The best model is selected based on the highest Test Accuracy while also reviewing the Train-Test gap to reduce the risk of selecting an overfitted model.

In [None]:
best_model_name = results.loc[0, "Model"]
best_model = dict((k, v[0]) for k, v in models.items())[best_model_name]

best_model_name

## Confusion matrix (best model)

In [None]:
y_pred_best = best_model.predict(X_test)
ConfusionMatrixDisplay.from_predictions(y_test, y_pred_best)
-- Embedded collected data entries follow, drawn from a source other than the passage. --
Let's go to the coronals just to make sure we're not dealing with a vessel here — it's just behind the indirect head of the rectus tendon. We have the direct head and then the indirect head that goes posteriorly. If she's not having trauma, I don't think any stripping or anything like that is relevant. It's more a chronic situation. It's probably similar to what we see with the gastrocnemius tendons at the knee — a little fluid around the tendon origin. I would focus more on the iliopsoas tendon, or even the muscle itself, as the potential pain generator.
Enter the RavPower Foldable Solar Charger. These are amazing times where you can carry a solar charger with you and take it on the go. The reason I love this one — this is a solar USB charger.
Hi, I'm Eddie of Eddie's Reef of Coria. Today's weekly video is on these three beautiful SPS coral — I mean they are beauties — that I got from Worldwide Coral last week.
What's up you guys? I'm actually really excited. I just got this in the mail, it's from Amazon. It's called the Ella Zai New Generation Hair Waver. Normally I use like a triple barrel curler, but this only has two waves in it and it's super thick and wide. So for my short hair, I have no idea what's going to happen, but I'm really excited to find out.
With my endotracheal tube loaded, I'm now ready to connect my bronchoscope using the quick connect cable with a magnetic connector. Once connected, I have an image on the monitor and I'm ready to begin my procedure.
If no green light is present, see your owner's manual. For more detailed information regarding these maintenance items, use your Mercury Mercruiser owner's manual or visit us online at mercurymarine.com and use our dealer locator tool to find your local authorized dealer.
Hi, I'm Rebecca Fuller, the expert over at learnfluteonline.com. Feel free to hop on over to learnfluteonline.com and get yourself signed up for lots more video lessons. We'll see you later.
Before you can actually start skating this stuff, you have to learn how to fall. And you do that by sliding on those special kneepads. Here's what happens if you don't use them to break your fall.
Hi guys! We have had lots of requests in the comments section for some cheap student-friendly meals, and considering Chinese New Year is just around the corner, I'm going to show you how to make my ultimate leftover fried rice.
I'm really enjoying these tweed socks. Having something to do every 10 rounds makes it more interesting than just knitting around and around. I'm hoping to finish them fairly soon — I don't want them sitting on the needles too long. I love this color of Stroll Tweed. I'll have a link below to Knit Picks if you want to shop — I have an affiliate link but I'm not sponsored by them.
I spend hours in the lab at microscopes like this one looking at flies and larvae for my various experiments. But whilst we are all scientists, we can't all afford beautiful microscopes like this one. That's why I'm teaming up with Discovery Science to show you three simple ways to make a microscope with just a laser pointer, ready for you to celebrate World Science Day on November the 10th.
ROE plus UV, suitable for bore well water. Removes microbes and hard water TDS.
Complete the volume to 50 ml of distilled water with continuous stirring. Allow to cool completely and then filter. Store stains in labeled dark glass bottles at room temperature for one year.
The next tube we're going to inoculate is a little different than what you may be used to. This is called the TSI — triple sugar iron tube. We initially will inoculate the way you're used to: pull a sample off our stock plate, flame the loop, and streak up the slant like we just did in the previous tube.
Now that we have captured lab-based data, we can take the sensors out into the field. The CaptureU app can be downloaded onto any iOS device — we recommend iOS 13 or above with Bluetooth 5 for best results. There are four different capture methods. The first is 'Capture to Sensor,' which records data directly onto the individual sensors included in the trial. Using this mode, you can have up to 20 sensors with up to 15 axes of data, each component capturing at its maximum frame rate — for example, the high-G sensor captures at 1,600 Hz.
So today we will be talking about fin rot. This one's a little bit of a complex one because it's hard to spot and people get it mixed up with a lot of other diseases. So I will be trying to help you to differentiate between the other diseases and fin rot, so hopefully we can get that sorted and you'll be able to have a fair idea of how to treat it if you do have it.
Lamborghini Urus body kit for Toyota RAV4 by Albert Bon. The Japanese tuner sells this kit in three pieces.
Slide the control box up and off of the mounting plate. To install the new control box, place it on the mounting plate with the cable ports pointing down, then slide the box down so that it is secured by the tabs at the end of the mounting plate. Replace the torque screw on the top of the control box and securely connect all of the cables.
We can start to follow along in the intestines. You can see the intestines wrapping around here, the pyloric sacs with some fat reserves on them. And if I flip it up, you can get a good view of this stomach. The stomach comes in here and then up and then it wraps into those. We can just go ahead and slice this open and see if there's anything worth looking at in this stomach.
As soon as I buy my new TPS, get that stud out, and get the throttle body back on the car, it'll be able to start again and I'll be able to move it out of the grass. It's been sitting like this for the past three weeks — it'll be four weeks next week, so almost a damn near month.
## Classification report (best model)

In [None]:
print(classification_report(y_test, y_pred_best))

## General conclusions

Three different classification algorithms were optimized using GridSearchCV with 5-fold cross-validation, using Accuracy as the objective metric. The final comparison was performed on the held-out test set, reporting both Train and Test accuracy to evaluate generalization. The best model was selected based on Test Accuracy while also considering the Train-Test gap as an indicator of possible overfitting. The confusion matrix and classification report provided additional detail on class-level performance beyond the single objective metric. From a business perspective, improved accuracy supports more reliable client selection for marketing calls, potentially reducing unnecessary contacts and improving overall campaign efficiency!!!